Introduction and partners:
“A SOLID start for communities” : This blog post introduces a collaboration between the WIMMICS research team and the company Startin’blox about searching and querying data in a SOLID ecosystem. With SOLID, data can be distributed over multiple storages (PODs) accross multiple servers. In such a scenario, finding a piece of information becomes complex and might lead to excessive response time or resource consumption.

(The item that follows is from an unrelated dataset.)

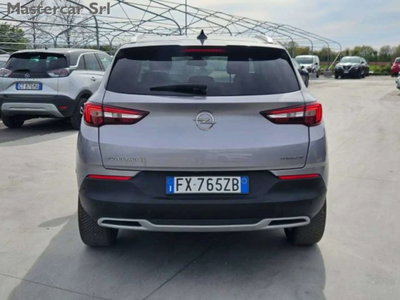 Opel Grandland X 1.5 diesel Ecotec Start&Stop Innovation (5)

Our work will be to study how we can reduce limiting factors to improve the performances.
WIMMICS is a joint research team between Inria, the Université Côte d’Azur and the CNRS (I3S). Its researchers are interested in the representation and processing of knowledge graphs, particularly on the Web.
The collaboration also involves the Mycelium and the Data Food Consortium projects. Both are working to make the short supply chain more efficient. These projects want to empower short supply chain actors on a digital level giving them the ability to build a whole suite of tools they control. Solid is a great choice as it can give back users the control over their data and applications through interoperability based on open standards.
Detailed project :
The objective of this collaboration is the design and evaluation of methods for search, indexing and discovery of services and datasets within the Solid ecosystem. The Solid project, for SOcial LInked Data, launched in 2015 by Tim Berners-Lee and incubated at the W3C, proposes the specification of a new web application architecture allowing a complete decoupling between data storage and business applications. Thus, the massive deployment of applications respecting Solid standards would make it possible to re-establish decentralisation on the web and give users the possibility of keeping control of their data, in storages called PODs. At present, the project consists of a set of ten or so more or less advanced specifications and there is a very active community working on several implementations. However, some fields are not yet covered, such as the querying of these distributed data.
Our aim is to design and evaluate methods for searching and querying distributed data in a Solid ecosystem. The ability to perform advanced searches on large volumes of data with acceptable performance is one of the foundations of information flow and the construction of social applications. We are investigating possible solutions to build on top of the Solid architecture capabilities for service discovery and path-finding and access to distributed datasets, by standardising the search and filtering capabilities of PODs. We are considering SPARQL traversal or decentralised query approaches to design a pilot architecture that also meets the performance challenges, for example via cache or index systems. This would allow us to support the diffusion of the Solid ecosystem on a web scale and demonstrate the deployment of real applications based on Solid.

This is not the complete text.